Secretary of State for Planning and Infrastructure
- In office 18 April 2009 – 24 December 2011
- Prime Minister: José Luis Rodríguez Zapatero
- Preceded by: Josefina Cruz Villalón
- Succeeded by: Rafael Catalá
- In office 20 April 2004 – 15 April 2008
- Preceded by: Benigno Blanco Rodríguez
- Succeeded by: Josefina Cruz Villalón

Secretary of State for Planning and Institutional Relations
- In office 15 April 2004 – 18 April 2009
- Prime Minister: José Luis Rodríguez Zapatero
- Preceded by: Office established
- Succeeded by: Office abolished

Member of the Congress of Deputies for Huesca
- In office 15 July 1986 – 22 April 2008
- Monarch: Juan Carlos I
- Succeeded by: María Teresa Villagrasa Pérez

Personal details
- Born: 9 May 1947 (age 78) Huesca, Spain
- Party: Spanish Socialist Workers' Party (PSOE)
- Children: two

= Víctor Morlán Gracia =

Spanish politician (born 1947)

Víctor Morlán Gracia (born 9 May 1947) is a Spanish politician. He served as Secretary of State for Planning and Institutional Relations from 2008 to 2009 and as Secretary of State for Planning and Infrastructure from 2004 to 2008 and from 2009 to 2011 in the Ministry of Public Works and Transport in the government of José Luis Rodríguez Zapatero. Morlán graduated in law, and joined the civil service in 1986.
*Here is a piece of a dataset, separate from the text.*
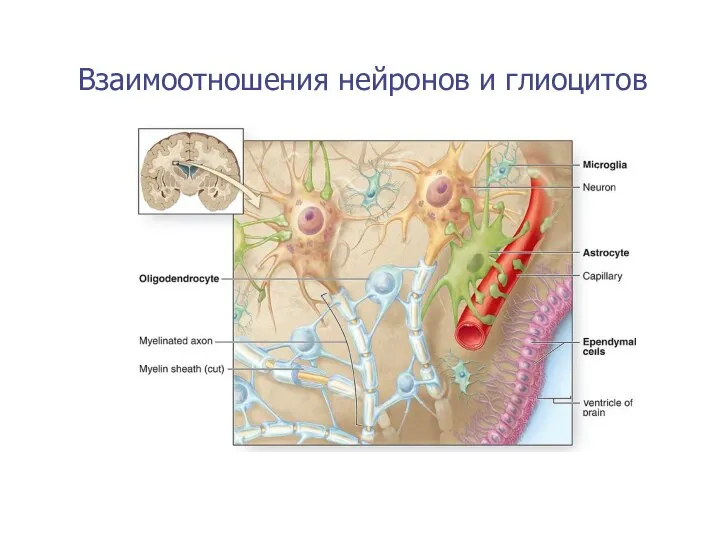 Взаимоотношения нейронов и глиоцитов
He has been a member of the Spanish Socialist Workers' Party (PSOE) since 1978, and was elected to the Congress of Deputies in 1986 for the province of Huesca (Aragon). He was named Secretary of State for Planning and Infrastructure, the number two position in the Ministry of Public Works and Transport, in 2004. The post was renamed Secretary of State for Planning and Institutional Relations after the 2008 elections. Morlán resigned his seat in the Congress of Deputies after his reappointment as Secretary of State so as to dedicate himself to his position in government: he was replaced by María Teresa Villagrasa Pérez, who had been number three on the PSOE list for Huesca in the 2008 elections.